Work task – Before returning the data, strip out the pictures and keep everything else exactly the same.

=== Information supplied ===

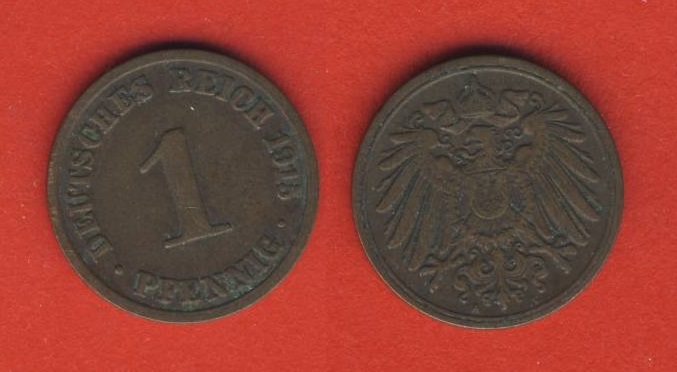  Kaiserreich 1 Pfennig 1915 A   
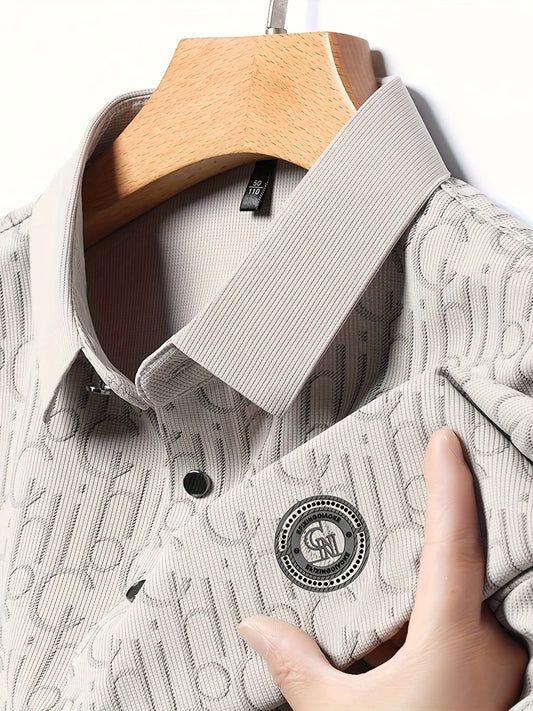 Men's Casual Shirt with Classic Collar – Modern Style with Alphabet Pattern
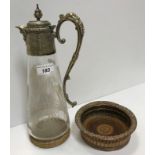 A Victorian cut glass claret jug with pl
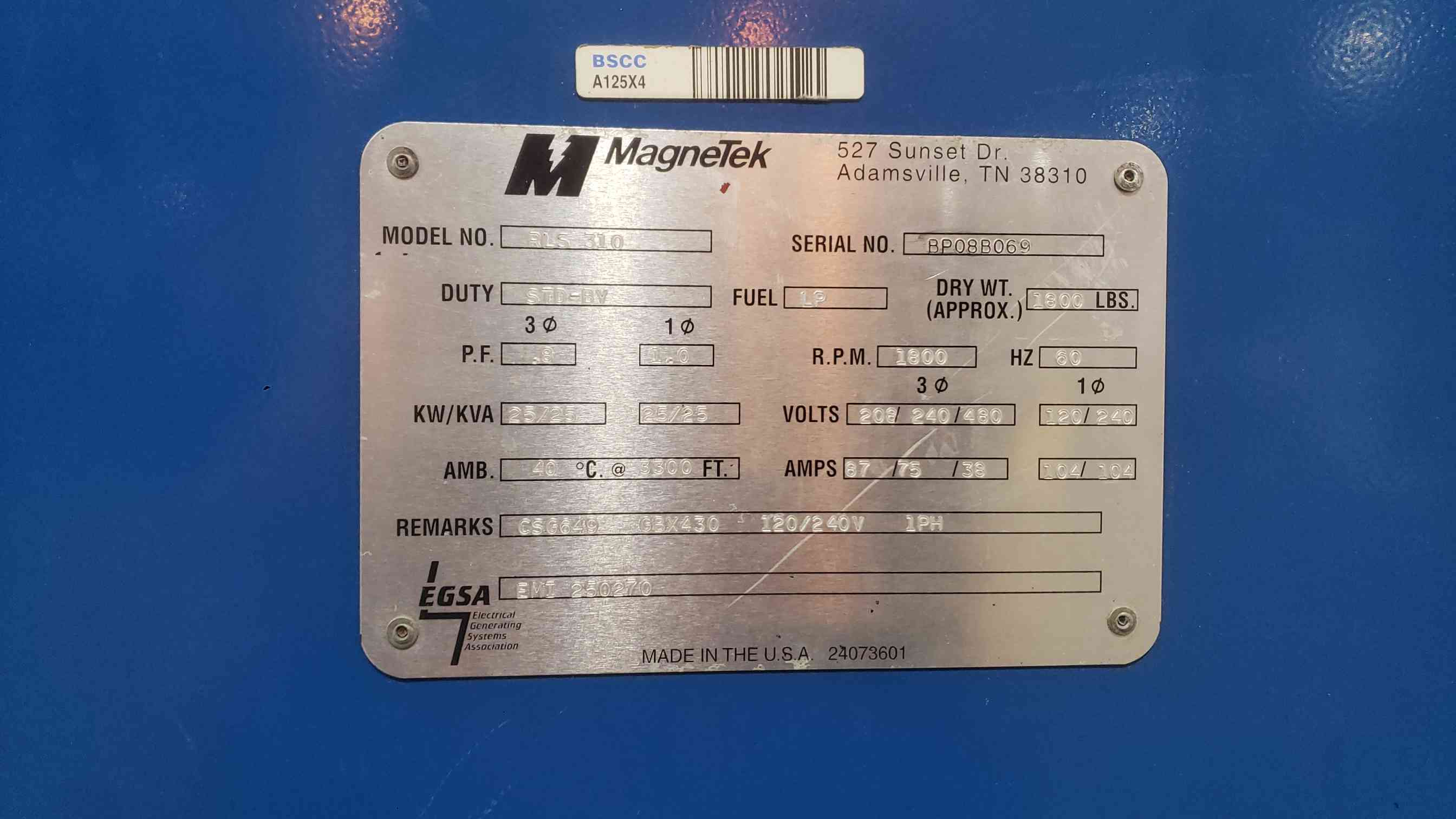 25 KW MagneTek #RLS-310, LP/NG generator set, 120/240 Volts, 104 A, AS IS - Image 2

===

Your response –
  Kaiserreich 1 Pfennig 1915 A   
 Men's Casual Shirt with Classic Collar – Modern Style with Alphabet Pattern
 A Victorian cut glass claret jug with pl
 25 KW MagneTek #RLS-310, LP/NG generator set, 120/240 Volts, 104 A, AS IS - Image 2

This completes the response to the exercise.